The scholars did not write and compile these rules for people to ignore them, but unfortunately today many claims seem to indicate otherwise. First, there is the claim that Usul-ul Fiqh was not necessary at all, and it was a Bidah that complicated the process of understanding the text. The second claim which is very often repeated is that Muslims are not bound to it and that these rules must change in order to evolve Usul-ul Fiqh. Another claim states that the Usul-ul Fiqh developed after the Sahabah, and each of the different Madhabs invented a new source. Thus the Tabi'een carried the existing legacy of the Sahabah and carried it to another level leading to Ijma. And following them, Ahlul Ra'ee developed Qiyas, and the Hanafi school developed Istihsan.
All of these claims are wrong. The Sahabah were bound to specific rules, and these rules are similar to the rules of Arabic grammar that cannot be ignored. Furthermore, these rules cannot be changed to accomodate any Fiqh pre-determined by the mind.
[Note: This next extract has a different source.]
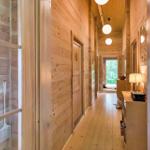 Wood-paneled hallway with lamp and door. Corridor leading to outdoor area.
The Usul is the first step needed to take the second step of understanding and shaping Fiqh, and the first step cannot be defined by the second. Finally, claiming that each school invented a new source to serve their purpose is absurd. All of these Imams believe in Allah and the message He sent. They realized that their role was to understand the text, and none of them could adopt a source based upon their own preset judgment. Thinking otherwise would mean that those Imams are not worth consideration and the entire issue of Ijtihad, Fiqh and Usul-ul Fiqh was a game.
Thus it is very important to study Usul-ul Fiqh in order to define and to shape our thinking. And studying Usul-ul Fiqh necessitates studying the original books that deal with this branch of Islamic culture. The Risala is among those books that deserve the highest consideration.